# 100 Favorites: # 39



## JACE (Jul 18, 2014)

*Ives: String Quartets Nos. 1 & 2
Juilliard String Quartet (Sony)*










From my Ives site:

_These are exceptional [recordings], and they easily receive my highest recommendation. To my ears, no one performs the Second String Quartet with the same sense of hushed intensity and fierce confrontation as the Juilliard Quartet. In the first movement, "Discussions," the Juilliard players bring a questing quality to the music--even as the music seems to be unravelling. In this reading, there is a definite sense of barriers being broken, of alienation, and loneliness. The second movement, "Arguments," ups the ante. Here the playing is even more fierce. No other quartet is nearly as forceful and compelling as the Juilliard Quartet. The sounds are wonderfully vivid, even phantasmic, but never impersonal or bombastic. Perhaps the most impressive aspect of this recording is the third movement, "The Call of the Mountains." Again, a questing, exploratory quality comes to the fore. I hear Ives trying to forge some kind of connection between the old and the new; the traditional and the modern; popular and classical; the earth and the heavens, and every sort of irreconcilable. And it all builds to an incredible climax of cosmic grandeur. In other recordings, these final moments of the work--its apotheosis--seem tacked on, an afterthought. Here it seems natural, even inevitable. Extraordinary. The First String Quartet is nearly as good as the as the Second.
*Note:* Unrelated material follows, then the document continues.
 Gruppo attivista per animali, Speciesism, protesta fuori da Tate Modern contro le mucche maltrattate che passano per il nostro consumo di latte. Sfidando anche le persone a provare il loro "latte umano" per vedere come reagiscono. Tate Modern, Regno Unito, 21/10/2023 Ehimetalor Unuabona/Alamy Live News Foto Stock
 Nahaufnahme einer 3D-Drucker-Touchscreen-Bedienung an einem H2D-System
The Juilliard String Quartet's reading may lack some of the improvisatory spontaneity of the Concord Quartet's recording (on Nonesuch, LP only), but it's certainly effective, and it's compelling on its own terms._

The Sony disc pictured above -- the version that I own -- is now out of print; however, the performance is readily available on a 2013 Newton Classics reissue.










The photograph on the CD cover might look vaguely familiar.


----------